How To Love A Woman Who Has Had To Survive On Her Own
She’s a special person, the woman who never had any help. She is strong, independent, and protective of the life she spent so much effort building. This means that loving her—and earning her love—is nothing if not a challenge. It’s not simple, and you will absolutely have to prove yourself before she lets you truly see what’s inside. Put in the work. She is worth every bit of effort you devote to her.
You may find her resilience and intelligence incredibly attractive, but please, do not waste her time. She cannot stand the idea of yet another person letting her down, of having to navigate the emotional wasteland you leave behind when you throw away her heart. Yes, she expects a lot from you, but that is only because she expects the same from herself. When she’s in, she’s all in, and she is weary of false promises and men who fill her head with pretty lies about the depth of their love.
She demands emotional stability, maturity, someone who is willing and able to meet her halfway on all things. Understand her history. Understand her past. Take the time to get to know why she operates the way that she does. Then you will see the many hurts, the disappointments, the reasons that she blocked herself off and learned to only trust herself. No, she does not suffer fools, but if you don’t find that appealing, she is not for you. She has been through enough to cut off anyone who squanders her time.
You must work for her because so many who came before you tricked her into opening herself up, only to leave her high and dry at the first sign of difficulty. They never took the time to find out who she is deep down and celebrate it. They did not nurture her, cherish her, or make her feel safe. When she let down her guard in spite of all that, she learned the hard way that none of them were ever going to change.
The worst crime you can ever commit against this woman, this strong, graceful being who built herself from the ground up and has never leaned on anyone, is misleading her. If you are not committed, respect her enough to walk away and make room for the person who will be.
Once you show her that you are not going anywhere, once she lets herself love you, honor her vulnerability. Respond in kind. Show her the parts of your soul that not many get to see. By demonstrating your trust in her, your steadfast involvement in the relationship, you will in turn earn reciprocity. Show up for her when she believes no one ever will. Be her partner in all things, and have her back even when she does not need it. After all, she’s never had someone there to help. She may be fully capable of standing on her own, but often she gets weary of doing it all alone. The burden is more than she bargained for, but she’s never had any choice but to carry it by herself. Be her unexpected relief.

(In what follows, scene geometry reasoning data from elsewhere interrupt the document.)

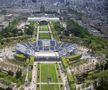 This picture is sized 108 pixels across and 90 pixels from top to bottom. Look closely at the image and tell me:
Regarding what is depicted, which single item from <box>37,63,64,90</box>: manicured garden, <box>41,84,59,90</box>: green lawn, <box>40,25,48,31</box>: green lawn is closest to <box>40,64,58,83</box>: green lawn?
<box>37,63,64,90</box>: manicured garden

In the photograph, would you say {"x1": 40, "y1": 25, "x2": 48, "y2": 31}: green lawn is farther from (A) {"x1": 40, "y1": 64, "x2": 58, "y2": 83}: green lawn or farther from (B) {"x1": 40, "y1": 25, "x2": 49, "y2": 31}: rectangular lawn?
(A) {"x1": 40, "y1": 64, "x2": 58, "y2": 83}: green lawn

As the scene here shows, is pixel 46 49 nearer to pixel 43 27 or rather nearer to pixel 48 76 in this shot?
pixel 48 76

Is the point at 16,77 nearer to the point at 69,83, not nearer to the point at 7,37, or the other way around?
the point at 69,83

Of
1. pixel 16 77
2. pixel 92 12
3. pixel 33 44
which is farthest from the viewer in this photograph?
pixel 92 12

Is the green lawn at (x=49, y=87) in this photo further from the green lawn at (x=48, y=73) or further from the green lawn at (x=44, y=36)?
the green lawn at (x=44, y=36)

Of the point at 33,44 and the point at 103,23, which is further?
the point at 103,23

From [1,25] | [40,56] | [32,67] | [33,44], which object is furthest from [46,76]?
[1,25]

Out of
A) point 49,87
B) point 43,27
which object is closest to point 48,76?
point 49,87

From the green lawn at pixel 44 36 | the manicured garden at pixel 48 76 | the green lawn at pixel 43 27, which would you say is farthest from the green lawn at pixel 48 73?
the green lawn at pixel 43 27

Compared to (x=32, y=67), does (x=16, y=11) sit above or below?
below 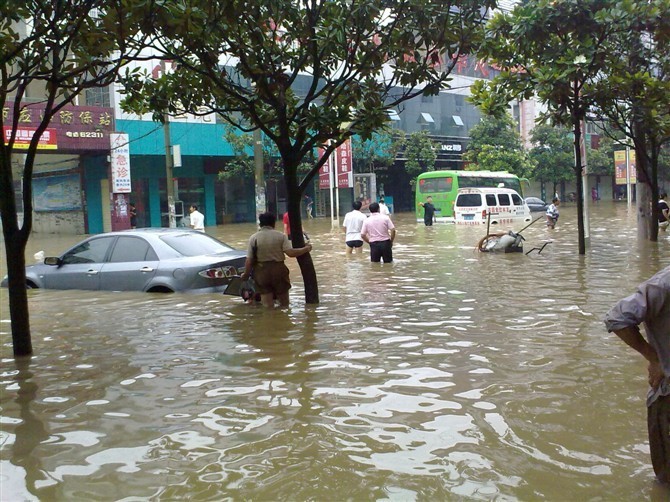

Earning her trust and her respect takes time. The only way to make her believe you’ll stick around is to prove you’ll put in the effort in the first place. Be steady, be secure, and just show up. Show up every single day. Stay when she figures that you’ll run. Talk to her instead of dismissing her fears. Respect her space, set reasonable boundaries, and listen to what she needs from the relationship. Communication will set you both free.
Be patient with her, and you’ll see that what blossoms between you is worth all of your effort. Nothing truly lovely comes with ease, but that’s okay, because you’ve won the affection and companionship of a very special person. She may be used to surviving all alone, but that doesn’t mean she prefers it that way. Be her excitement, her joy, and most of all, her partner in life. Give her the steady love she’s always wanted. In return, she will give you more happiness than you ever imagined.